[[ DATA EXCERPTS, beginning ]]

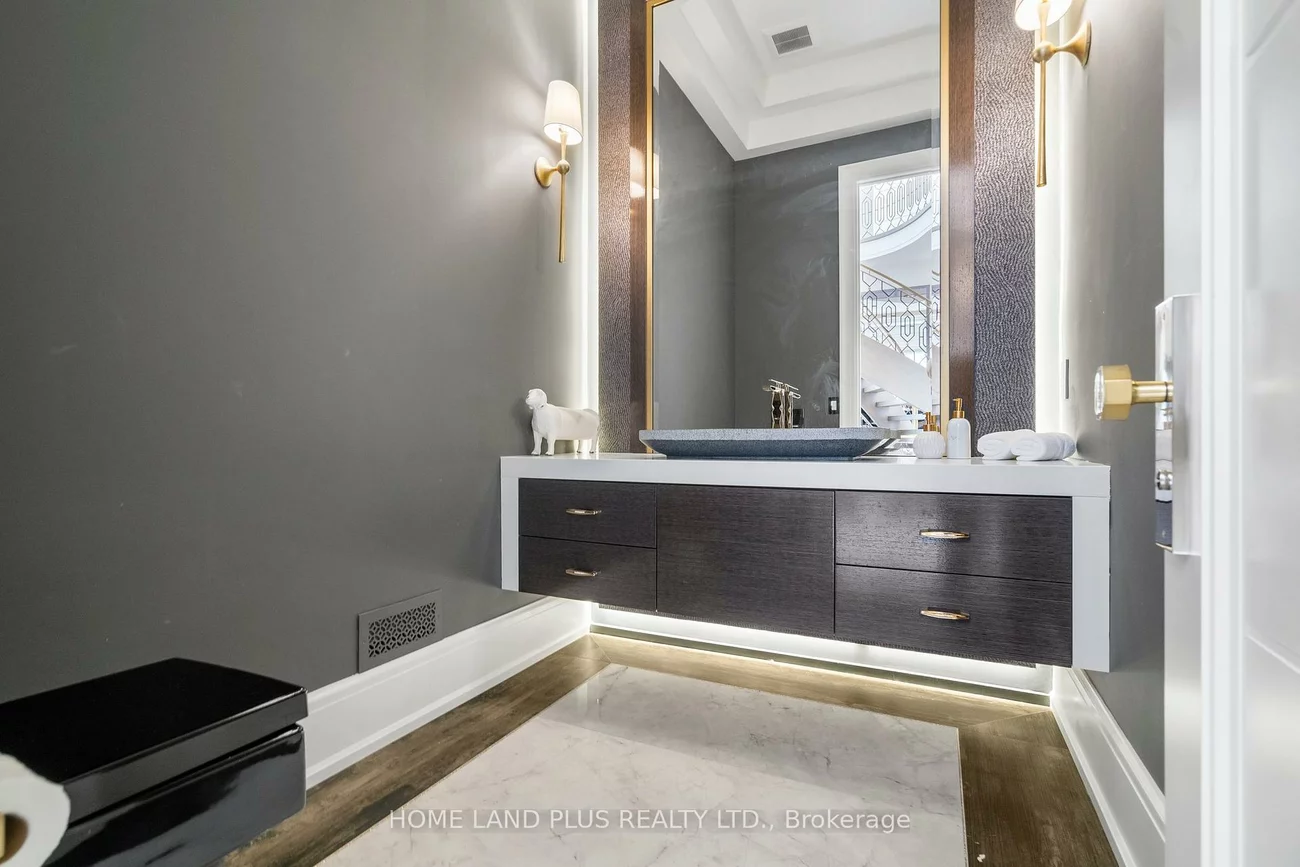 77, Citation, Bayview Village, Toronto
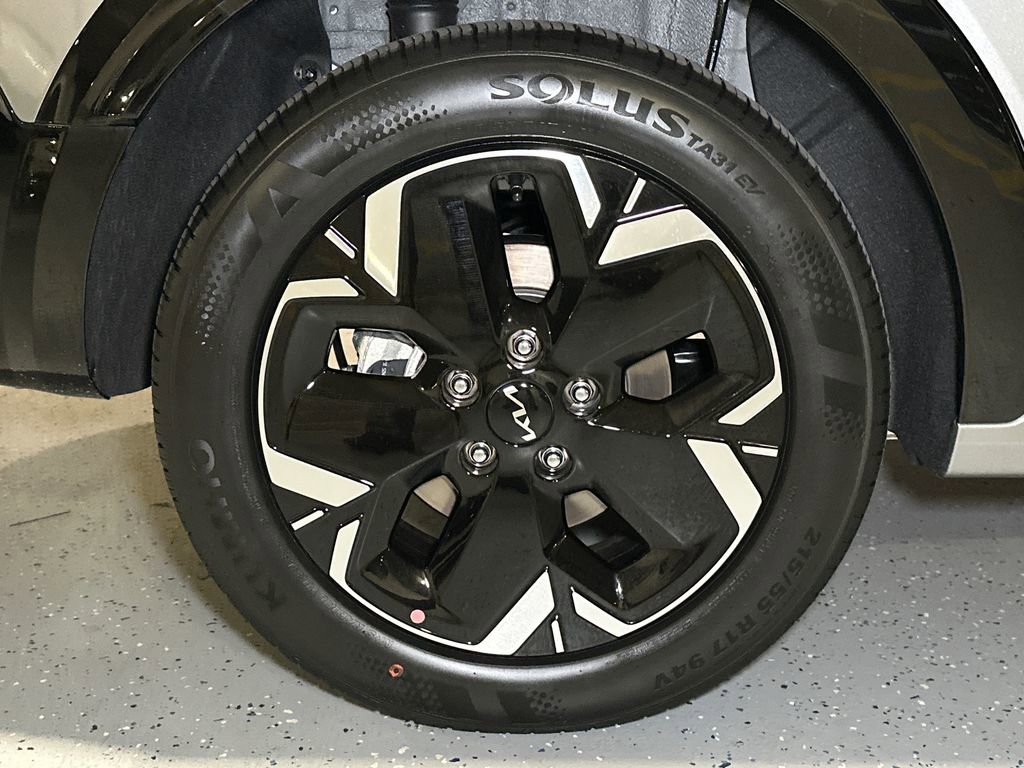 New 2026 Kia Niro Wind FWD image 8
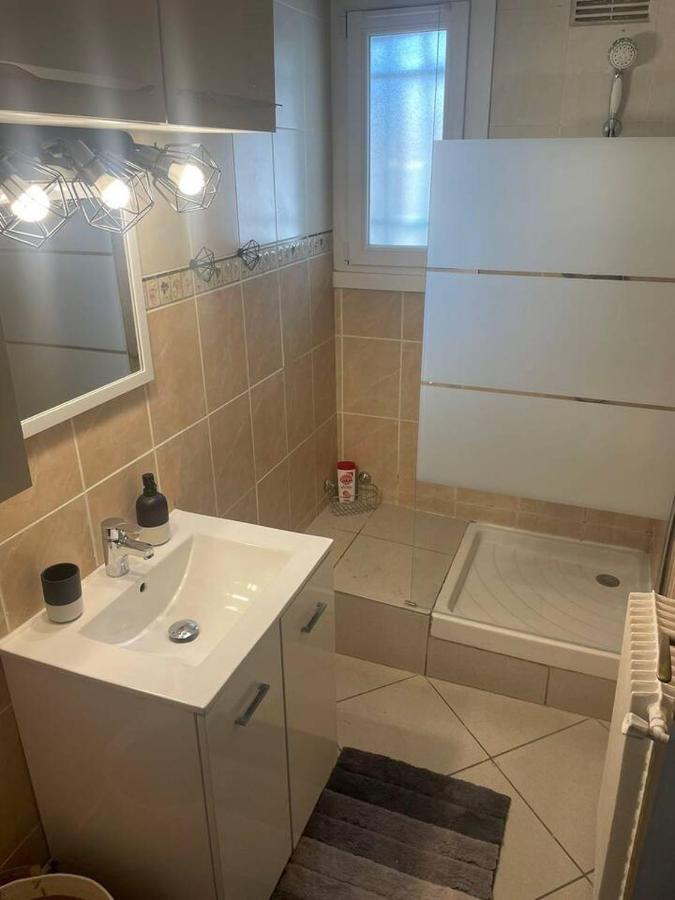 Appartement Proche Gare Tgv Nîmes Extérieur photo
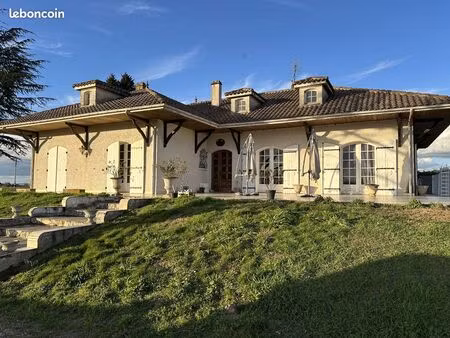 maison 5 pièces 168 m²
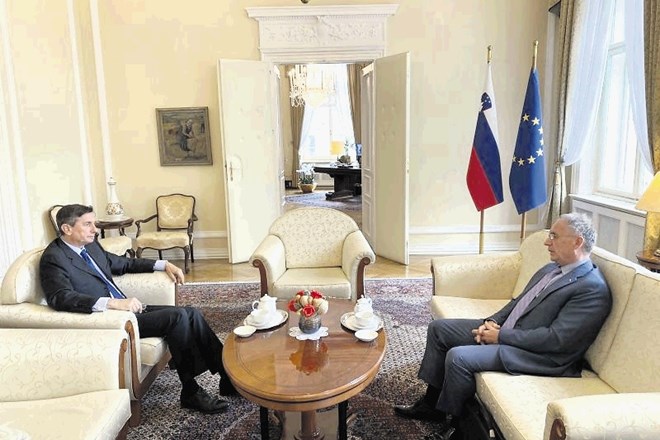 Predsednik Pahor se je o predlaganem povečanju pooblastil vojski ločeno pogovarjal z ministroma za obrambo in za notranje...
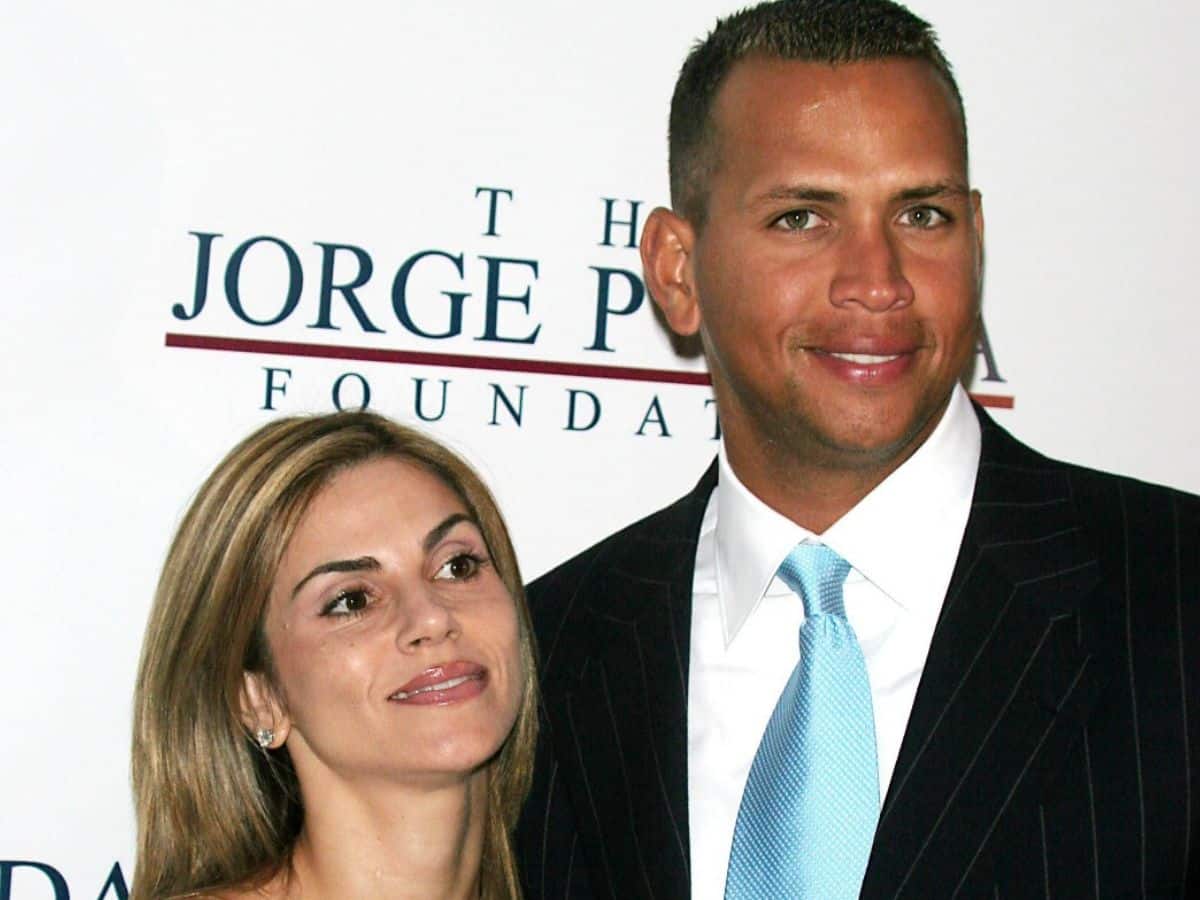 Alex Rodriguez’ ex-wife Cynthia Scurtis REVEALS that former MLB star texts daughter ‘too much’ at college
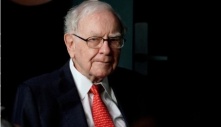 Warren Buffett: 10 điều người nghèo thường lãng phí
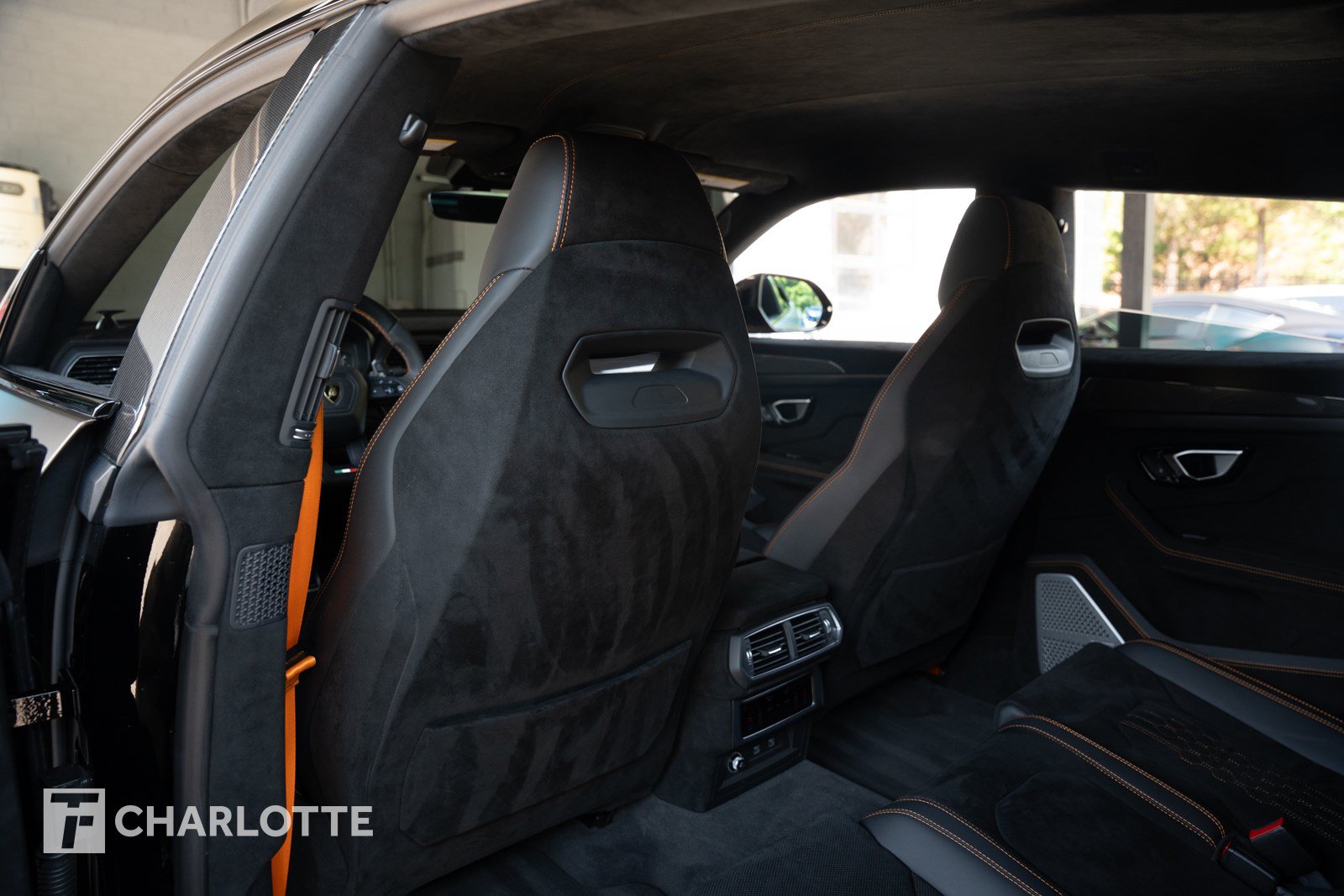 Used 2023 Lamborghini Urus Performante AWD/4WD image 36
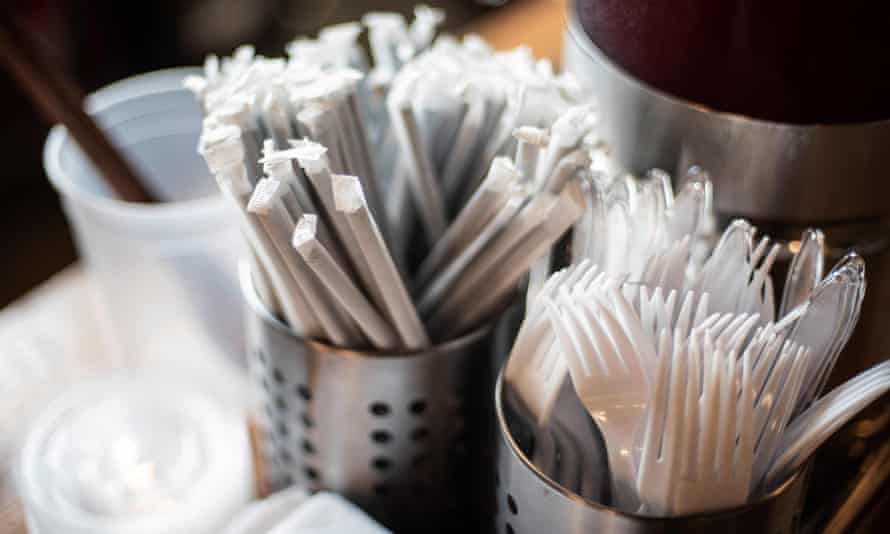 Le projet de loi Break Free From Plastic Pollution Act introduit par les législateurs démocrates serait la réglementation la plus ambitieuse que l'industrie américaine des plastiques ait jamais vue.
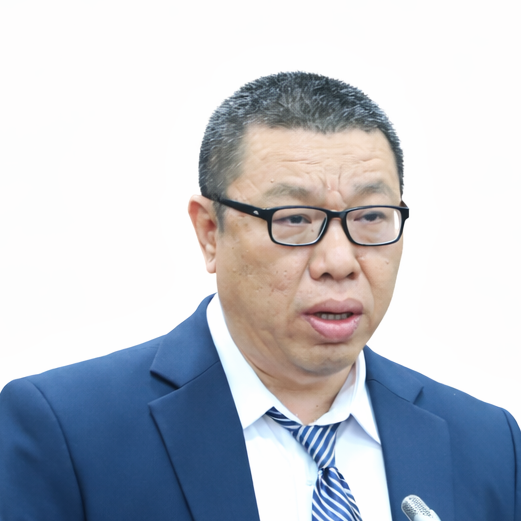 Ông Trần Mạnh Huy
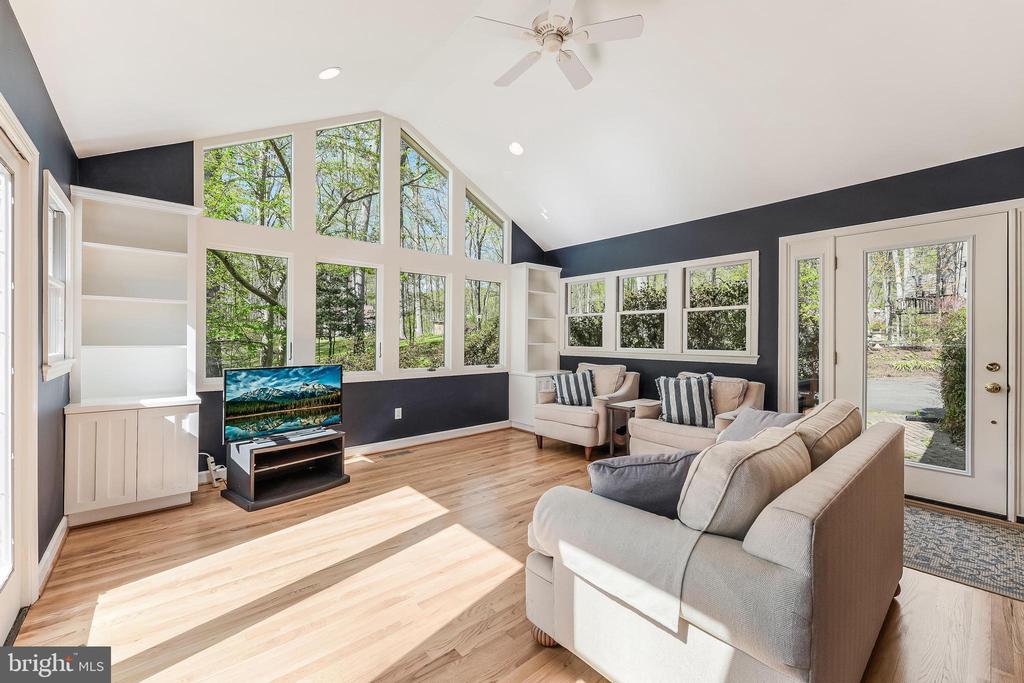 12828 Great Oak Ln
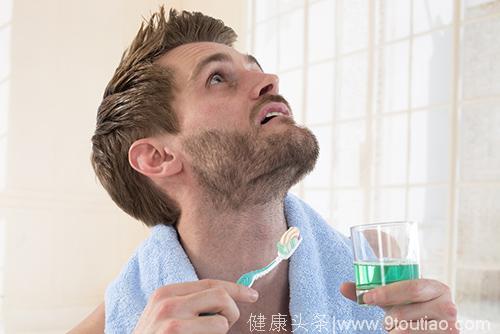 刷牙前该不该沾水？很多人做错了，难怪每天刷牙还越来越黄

[[ DATA EXCERPTS, end ]]

Pictures stay out; the entries above are to be output exactly as given.

SOLUTION TO THE EXERCISE
 77, Citation, Bayview Village, Toronto
 New 2026 Kia Niro Wind FWD image 8
 Appartement Proche Gare Tgv Nîmes Extérieur photo
 maison 5 pièces 168 m²
 Predsednik Pahor se je o predlaganem povečanju pooblastil vojski ločeno pogovarjal z ministroma za obrambo in za notranje...
 Alex Rodriguez’ ex-wife Cynthia Scurtis REVEALS that former MLB star texts daughter ‘too much’ at college
 Warren Buffett: 10 điều người nghèo thường lãng phí
 Used 2023 Lamborghini Urus Performante AWD/4WD image 36
 Le projet de loi Break Free From Plastic Pollution Act introduit par les législateurs démocrates serait la réglementation la plus ambitieuse que l'industrie américaine des plastiques ait jamais vue.
 Ông Trần Mạnh Huy
 12828 Great Oak Ln
 刷牙前该不该沾水？很多人做错了，难怪每天刷牙还越来越黄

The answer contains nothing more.